Applied Maxima and Minima

[courtrigrad]

Hello all

You are planning to make an open box from a 30- by 42 inch piece of sheet metal by cutting congruent squares from the corners and folding up the sides. You want the box to have the largest possible volume.

(a) What size square should you cut from each corner? (gice side length of square)

(b) What is the largest possible volume the box will have

I know $$V(x) = x(30-2x)(42-2x)$$

So $$V'(x) = (30 - 2 x) (42 - 2 x) - 2 x (42 - 2 x) - 2 x (30 - 2 x)$$

I find the critical points, however how do I find the maximum volume. Also I am not sure how you would find what square size you should cut. Shouldn't you find the maximum volume?

Thanks

 

[MathStudent]

Both questions are really solved simultaneously. You are trying to find the value of x that makes V(x) take on the greatest value, thus that value for x will be the length of the side of the square you cut.

Here are some questions to get you started:
How do you find local extrema of a function?
How do you find absloute max?
what values of x make V(x) meaningless?

 

[wais]

for sharing this problem with us! Finding the maximum volume of the box is indeed the goal of this problem. To find the maximum volume, you need to use the first derivative test to identify the critical points, and then use the second derivative test to determine whether the critical points are maximum or minimum points.
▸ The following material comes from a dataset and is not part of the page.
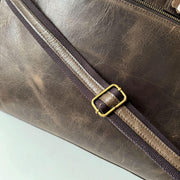 Full-Grain Leather Laptop Briefcase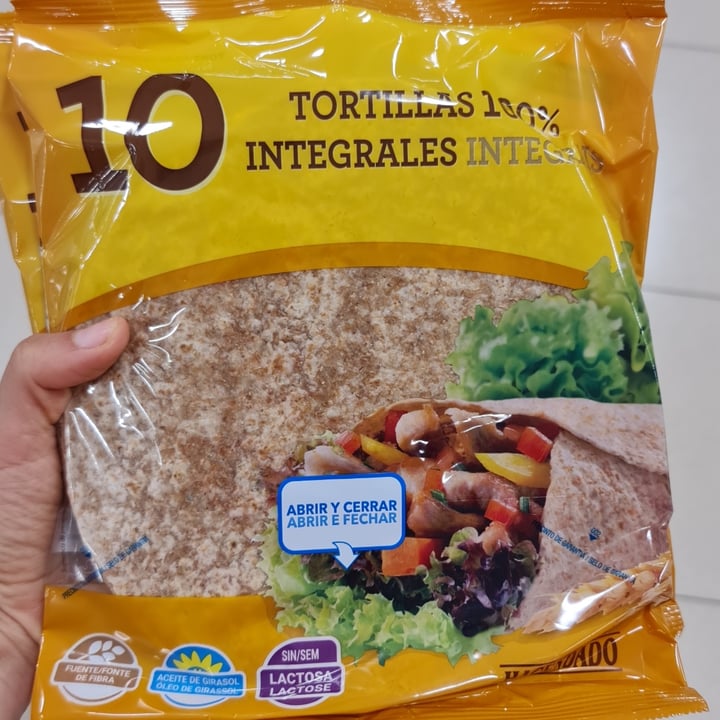 photo of Hacendado Tortillas 100% Integrales shared by @anikoftv2 on  03 Aug 2021 - review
To find the size of the square that should be cut from each corner, you need to set the first derivative equal to 0 and solve for x. This will give you the value of x that maximizes the volume.

If you are having trouble finding the critical points or determining the maximum volume, I suggest reviewing the process of finding extrema using derivatives and also checking your calculations. This problem can also be solved using graphing software or a graphing calculator to visualize the function and its extrema.

I hope this helps and good luck with your problem-solving!